He L et al.14 also confirmed that GQD has an important auxiliary role in the treatment of T2DM, and is beneficial for regulating glucose and lipid metabolism, improving disease prognosis. Moreover, He et al14 pointed out that Scutellaria baicalensis, Pueraria lobata, and Coptis chinensis all have significant anti-inflammatory and antipyretic effects, and can effectively inhibit thrombosis, regulate immune function, and reduce the degree of oxidative stress in the body. Ren L et al.15 also confirmed that GQD can enhance the hypoglycemic effect of metformin without causing serious adverse reactions. Huang Z et al.16 implemented auxiliary intervention with GQD on MetS patients, and showed that the levels of blood glucose indicators (FPG, 2 hPG, HbA1c) and blood lipid indicators (LDL-C, HDL-C, TC, TG) in the patients were better than those in the control group. Their results also showed benefits of combined regimen for improving the obesity level of MetS patients. A healthy diet is also an important influencing factor in ensuring the outcome of T2DM combined with MetS disease.17,18
Moutou KE et al.17 showed that long-term standardized, scientific, and healthy diet not only allows patients to effectively control their weight, regulate lipid metabolism disorders and high blood glucose, but also reduces the requirement and dosage of medication. Alzahrani AH et al.18 also confirmed that intervention with a self-made low carbohydrate and high protein diet plan in patients with T2DM is beneficial for regulating their blood lipid levels, downregulating the content of inflammatory factors, and reducing the risk of cardiovascular disease.

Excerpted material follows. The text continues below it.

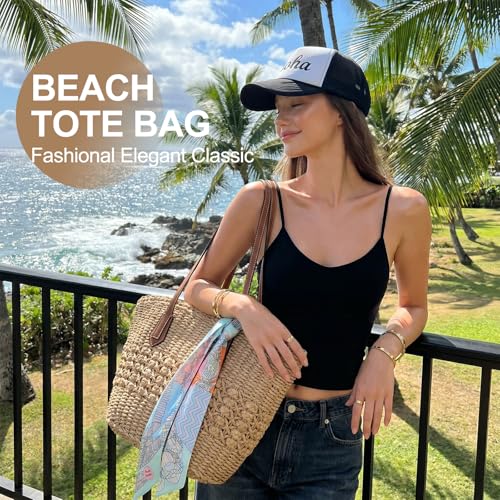 Bolso de Playa Tote para Mujer, Color Caqui miniatura 3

As shown by Chen Z et al.,19 ADP, an insulin sensitizing hormone produced by adipocytes, plays an important role in the pathogenesis and progression of insulin resistance and diabetes. It suppresses inflammation and atherosclerosis, promotes the uptake and metabolism of free fatty acids in circulating blood, liver and muscle tissue, reduces the levels of TG and free fatty acids and alleviates insulin resistance. Additionally, ADP can prevent the proliferation of monocyte precursor cells and have a negative regulatory effect on the expression of TNF-α, thereby reducing the degree of inflammatory response.19
Imanparst F et al.20 have shown that TNF-α can inhibit insulin receptor self-phosphorylation, block insulin-stimulated glucose uptake, and downregulate the number of insulin receptors, thereby inducing hyperinsulinemia and exacerbating insulin resistance. TNF-α can also regulate the activity of lipoprotein lipase, stimulate the generation of free fatty acids, and inhibit fatty acid absorption, increase TG, LDL-C, TC synthesis, and reduce HDL-C synthesis.21 This study investigated and analyzed the levels of TNF-α and ADP in patients with T2DM MetS. Our results showed that the combination of GQD and dietary management led to significantly better serum TNF-α and ADP levels compared to conventional treatment regimen.
Limitations
This is a retrospective study with a small sample size, which may limit the extrapolation of results. Additionally, the duration of treatment for patients in our study was relatively short. Further long-term efficacy study is needed to confirm the efficacy of the combination of GQD and dietary management in the treatment of patients with T2DM MetS. Finally, although TCM syndromes are evaluated by professionally trained doctors, there is still subjectivity that may lead to biased results.
CONCLUSION
Combination of GQD and dietary management in addition to conventional pharmacological agents is safe and can effectively regulate blood glucose and lipid metabolism in patients with T2DM MetS, improve TNF-α and ADP levels, enhance disease treatment effectiveness.
Authors’ contributions:
BN and XL: Conceived and designed the study.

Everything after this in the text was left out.